Your objective: The answer must consist solely of the lines below starting at the one containing "adidas Originals legginsy" and ending at the one containing "Puzzle Tabby Brown", repeated exactly, with both ends included and all pictures omitted.

Given data:
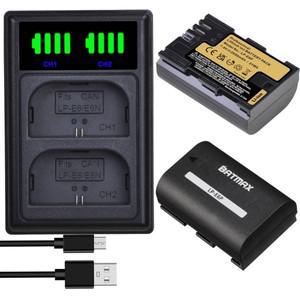 Batmax LP-E6P 배터리 2850mAh + 충전기 Canon EOS R5 Mark II 5DS 80D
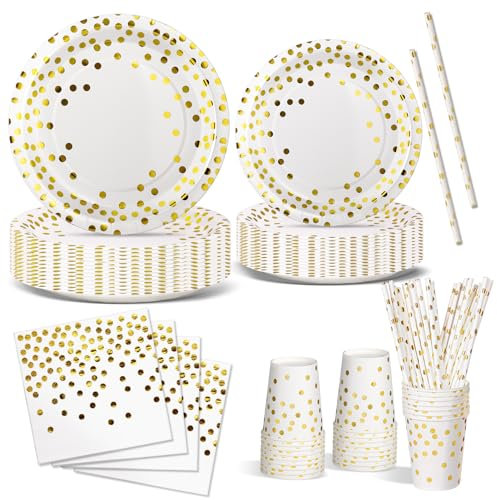 Nkaiso 120 Piezas Blanco Oro Vajilla Fiesta Cumpleaños, Platos y Vaso Cumpleaños Infantil, Juego de vajilla Fiestas Platos Desechable Servilletas para Party Decoración Baby Shower -24 Invitado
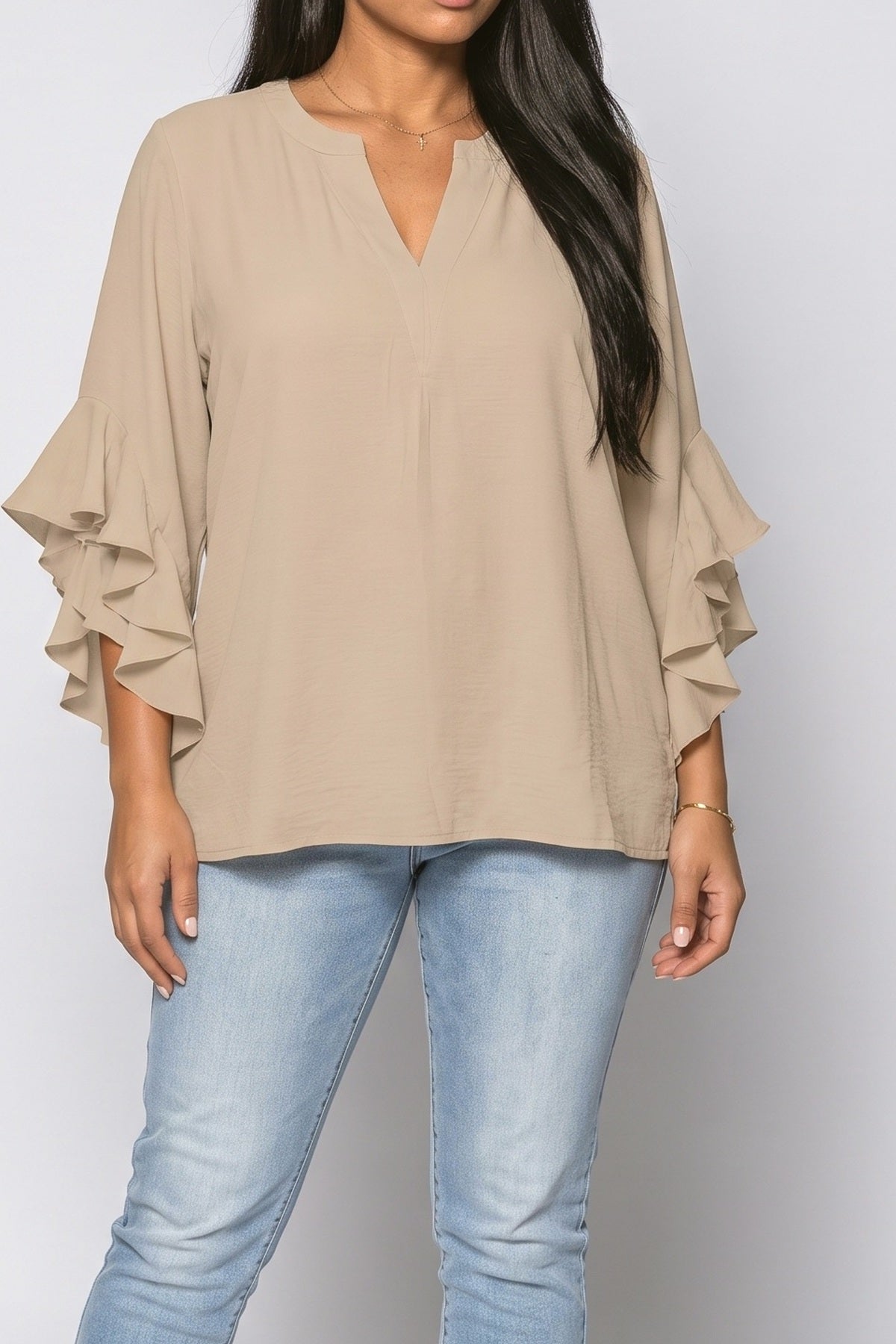 V-Neck Floral Ruffle Blouse, fabric detail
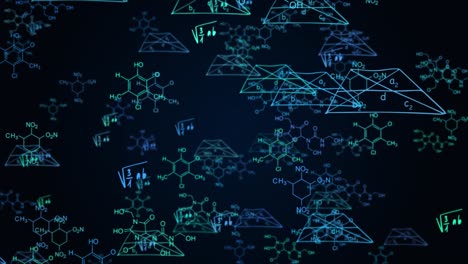 las fórmulas matemáticas abstractas se escriben y se mueven en los fondos del bucle de espacio virtual.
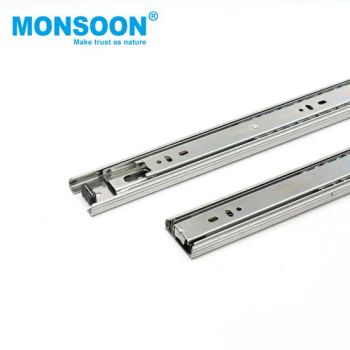 Furniture Hardware Cabinet Steel Telescopic Drawer Rail Guide Runner Blue Zinc Plated 45mm Full Extension 3 Fold Side Mounting Ball Bearing Slide for Drawer - Monsoon Import Export (Guangzhou) Limited - China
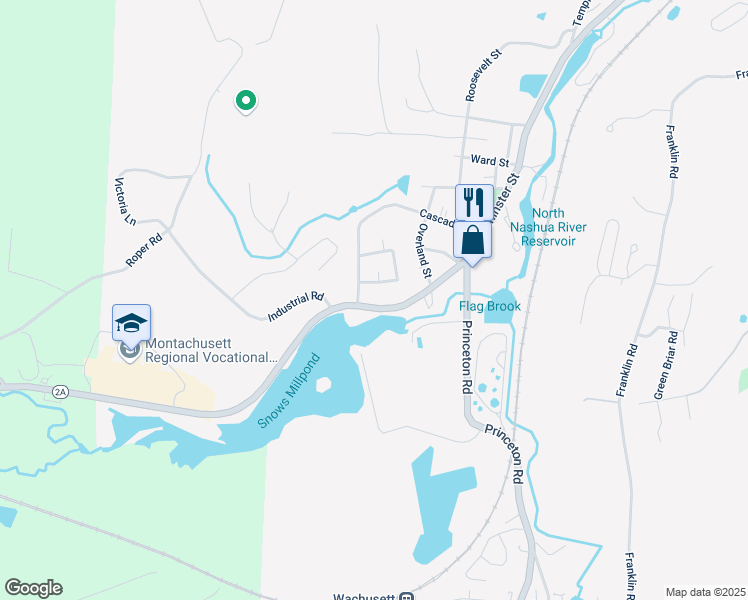 map of restaurants, bars, coffee shops, grocery stores, and more near 726 Westminster Hill Road in Fitchburg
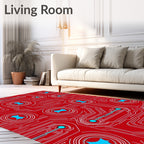 Red Circuit Board Starburst Rug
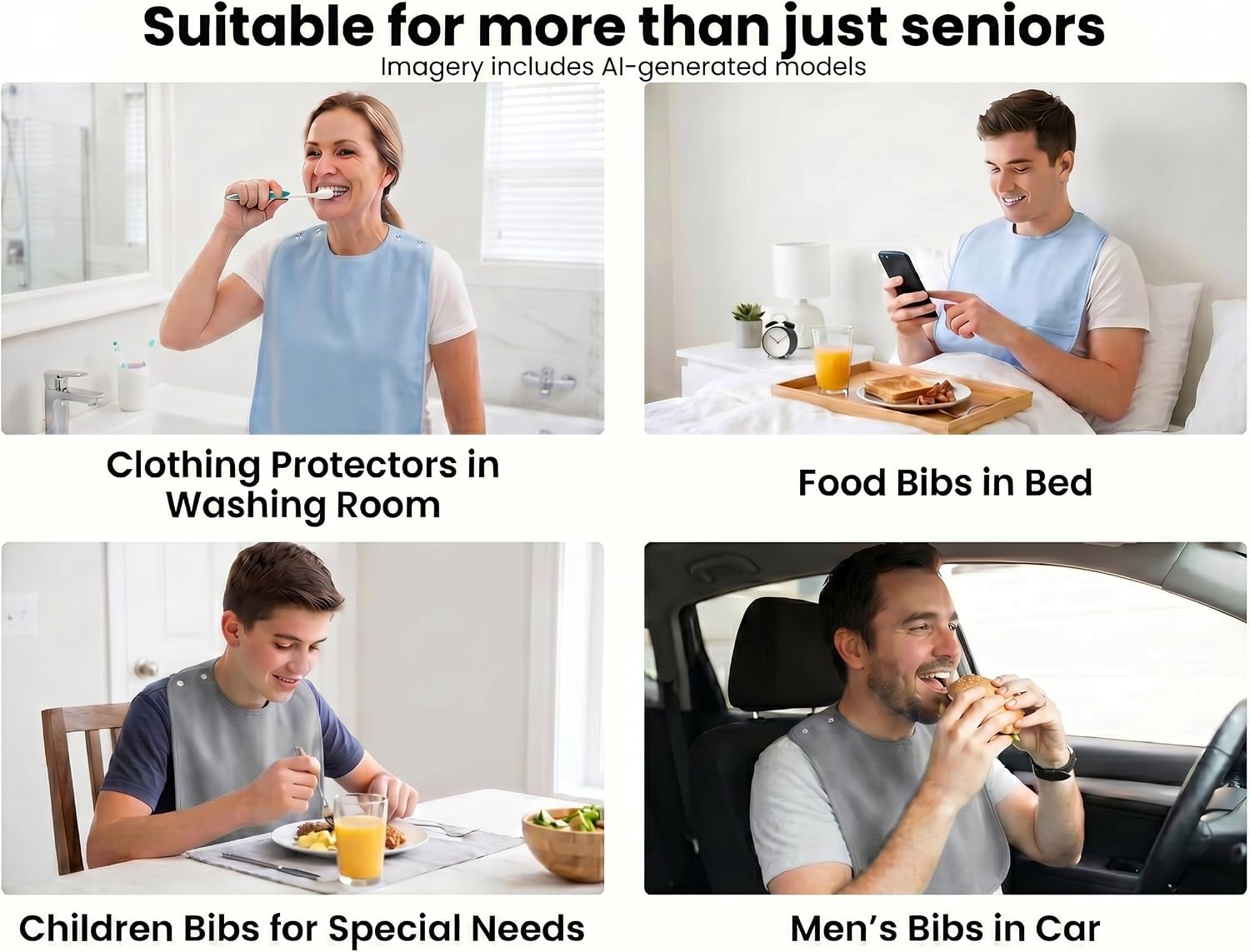 4 Pack Adult Bibs for Men and Women, Absorbent and Washable Clothing Protector for Elderly & Special Needs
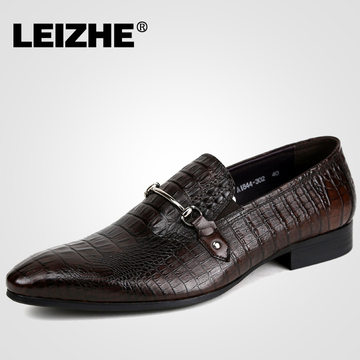 LEIZHE雷哲 新款流行男鞋英伦商务正装鞋真皮鳄鱼纹潮流皮鞋正品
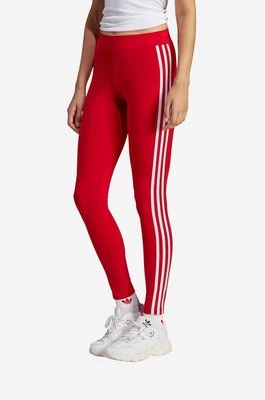 adidas Originals legginsy damskie kolor czerwony z aplikacją IB7382-CZERWONY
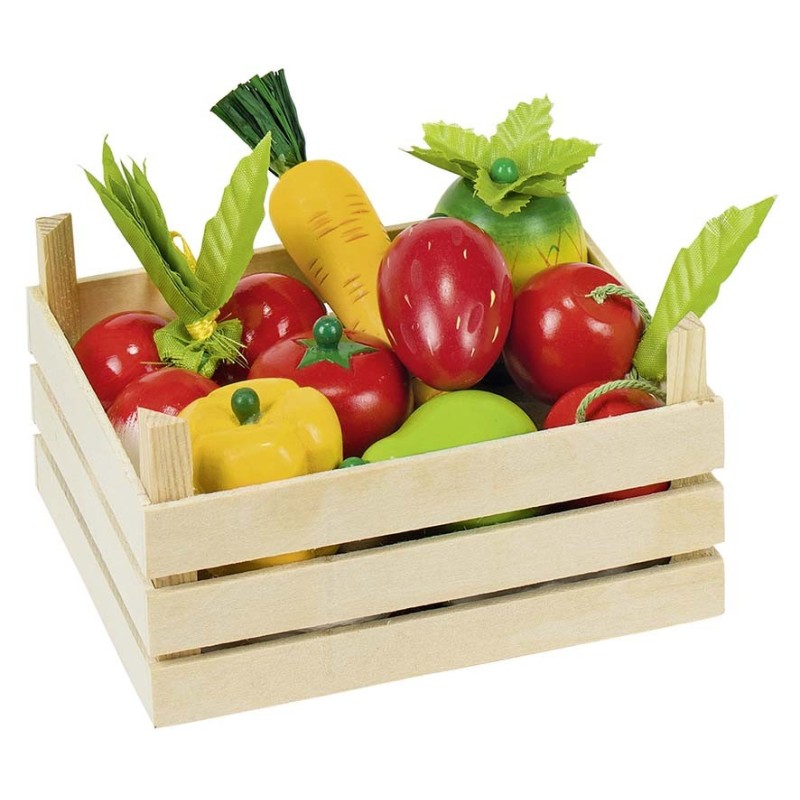 Accessoires cuisine - Fruits et légumes dans une cagette en bois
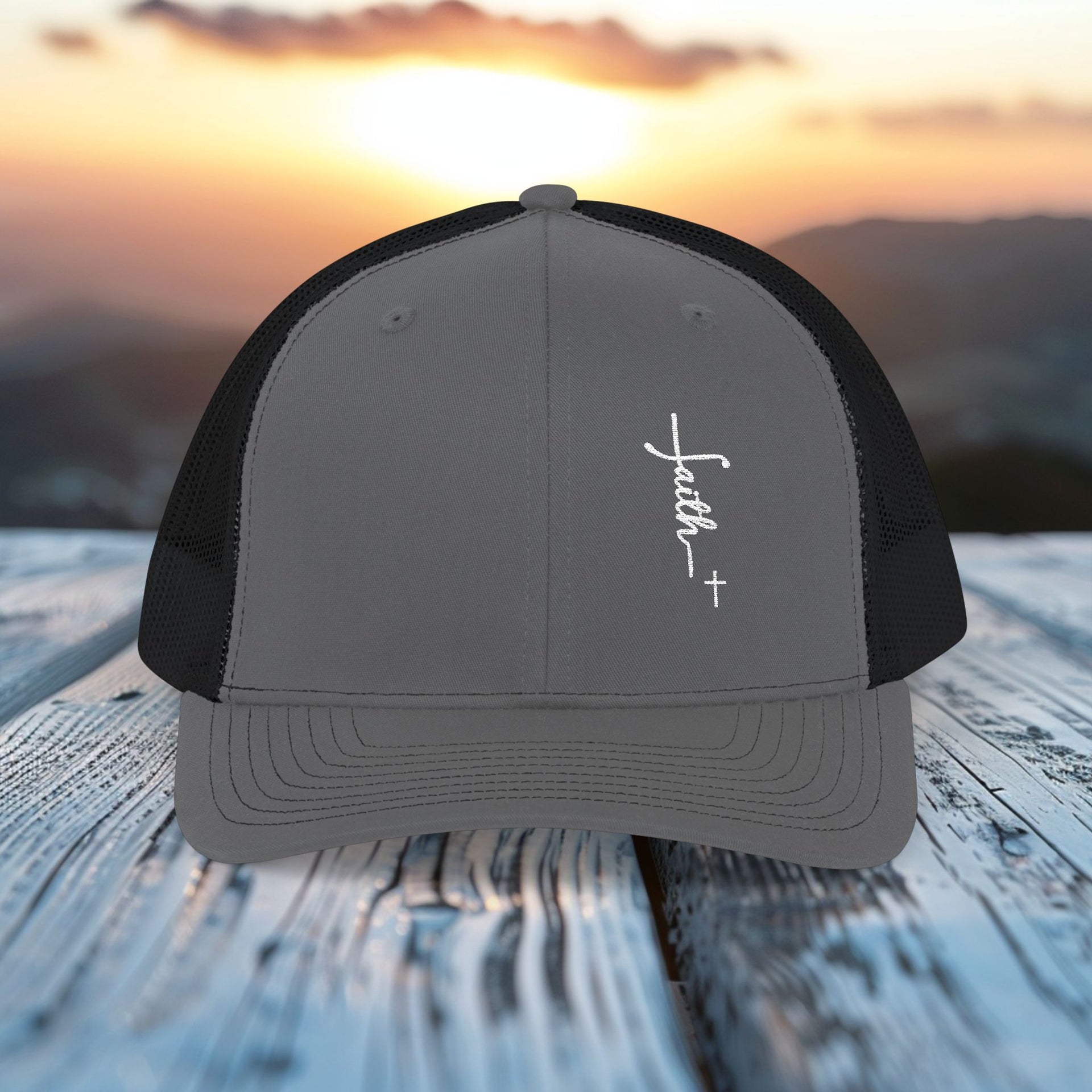 Faith + Cross Snapback Trucker Hat - My Faith My Father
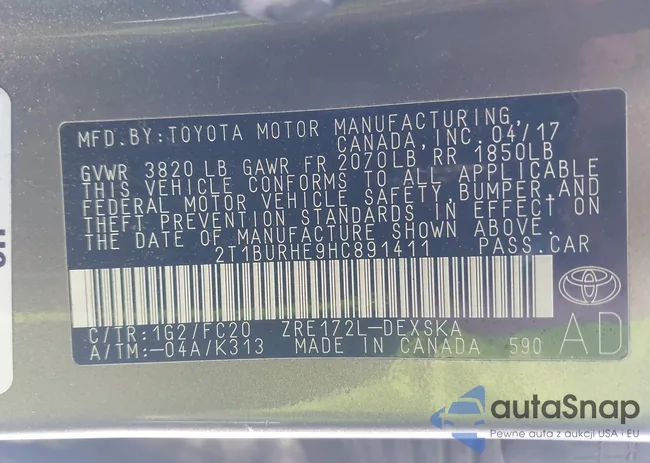 2T1BURHE9HC891411: 44003232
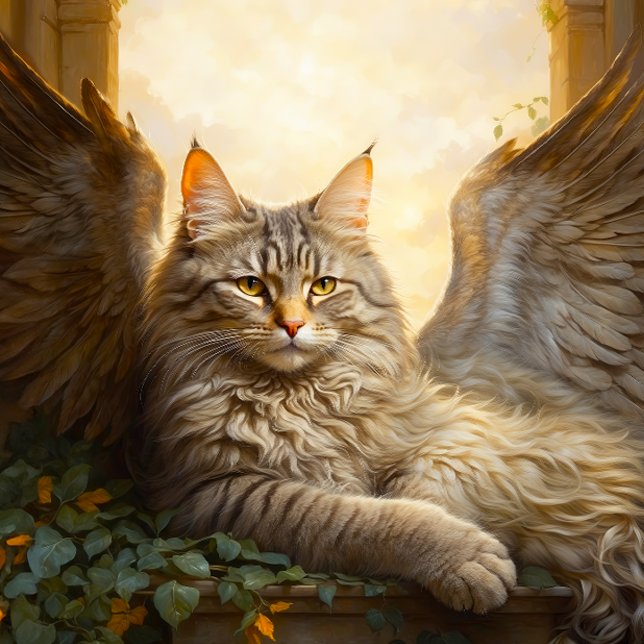 Puzzle Tabby Brown majestueux avec ailes en Golden Archwa (Close- up of artwork)
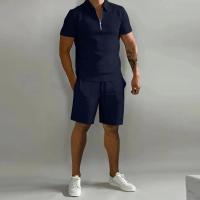 Traje Deportivo Casual para Hombres Polo de Color Sólido, Pantalones con Rayas Verticales, Manga Corta, Moda Suelta - details 1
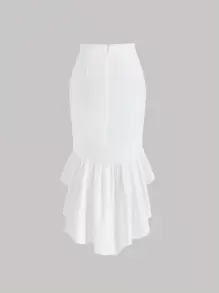 SHEIN MOD High Low Ruffle Trim Skirt,Flamenco Skirt - White - View 2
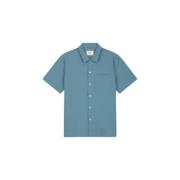 Seersucker Shirt Storm Blauw Olaf Hussein , Blue , Heren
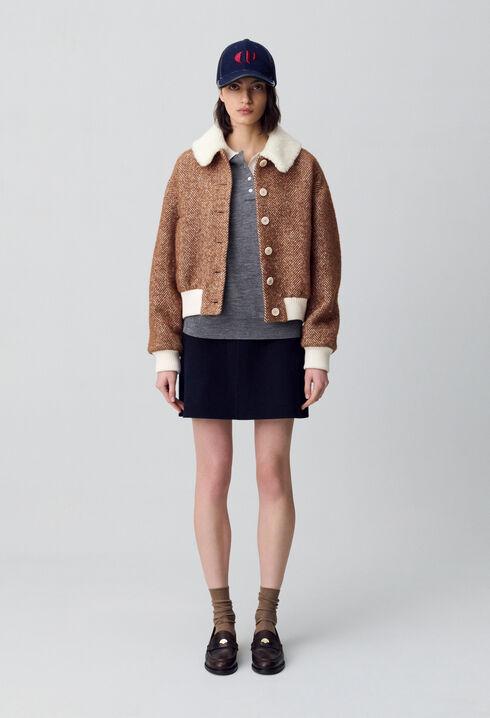 Faux Fur Collar Short Coat by CLAUDIE PIERLOT
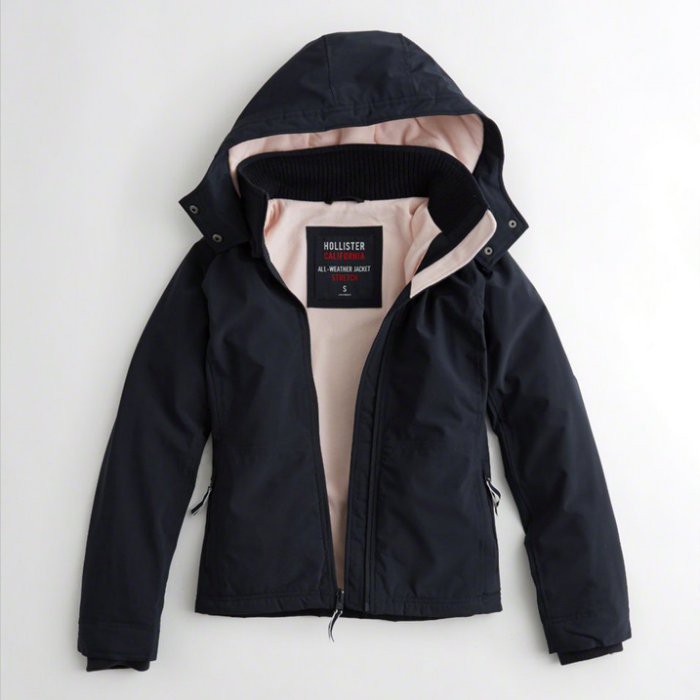 【HOLLISTER Co.】【HCO】【零碼XS】HC女款風衣外套白鷗內粉棉黑藍 F09171114-07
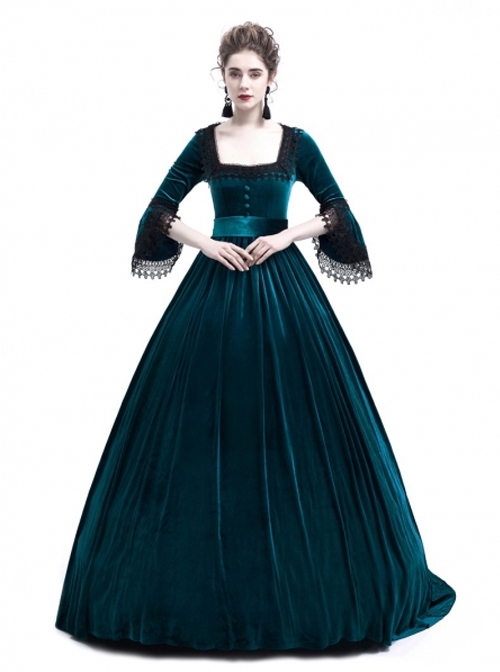Blue Velvet Marie Antoinette Queen Theatrical Ball Dress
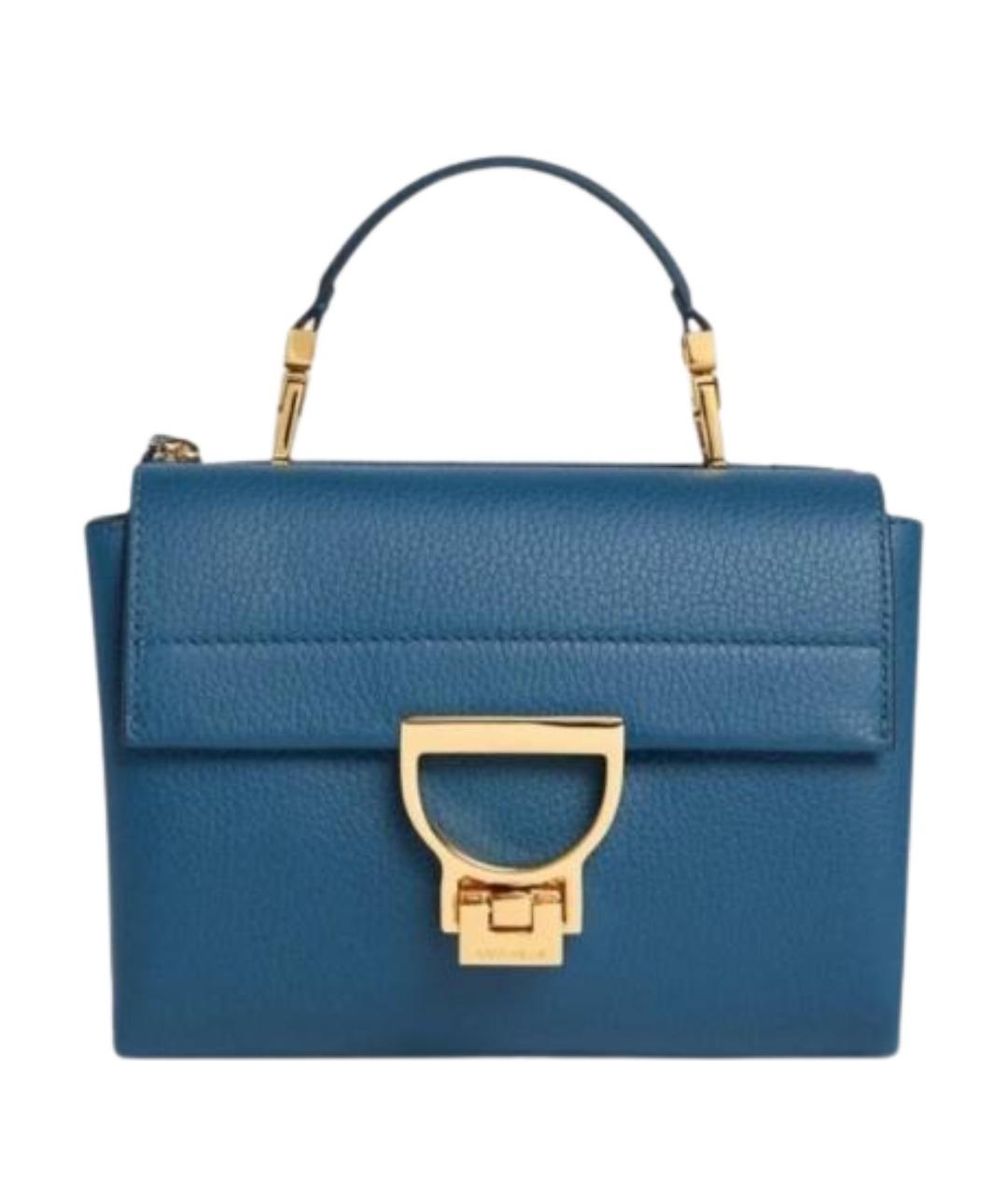 COCCINELLE Синяя кожаная сумка с короткими ручками, фото 1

Finished exercise:
 adidas Originals legginsy damskie kolor czerwony z aplikacją IB7382-CZERWONY
 Accessoires cuisine - Fruits et légumes dans une cagette en bois
 Faith + Cross Snapback Trucker Hat - My Faith My Father
 2T1BURHE9HC891411: 44003232
 Puzzle Tabby Brown majestueux avec ailes en Golden Archwa (Close- up of artwork)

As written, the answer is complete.